しかし、リリは、この旅に同行するにあたって司と約束していたことがある。


 それは、リリ自身の身の安全を最優先する事。例え、司たちと離れ離れになったとしても。例え、司たちが命の危機に瀕していたとしても。例え、それが原因で司が死んだとしても。


 それは、リリにはとても許容できる内容ではなかった。だが、こちら側では何が起こるかわからない。だから、司はリリと約束したのだ。誰よりも、リリ自身の命を最優先することを。ヴォルフたちともそう約束したのだから。

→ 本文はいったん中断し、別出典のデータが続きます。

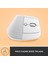 Lift Beyaz 910-006475 Sessiz Kablosuz Ergonomik Dikey Mouse 5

 リリが避難を完了し、宗司が司たちをフォローするべく舞たちに到達したタイミングで、それはその場に現れた。まるで、空から舞い降りる死神の如く。


 この世のものとは思えない気配。両翼を広げると何十メートルあるかわからないような圧倒的な大きな身体。人間なんて一刀の下に引き裂けるような鋭い爪と嘴。荒ぶる風神のようなとてつもない闘気。


 あげる咆哮からは身の毛も弥立つほどの怒りの感情がひしひしと、その眼からは明確な敵意と全身が粟立つような殺意が冷気の如く。


仄暗い灰色をした、まさに怪鳥。


その姿を一目見ただけで、宗司はかつて感じたことがないほどの焦燥感に苛まれていた。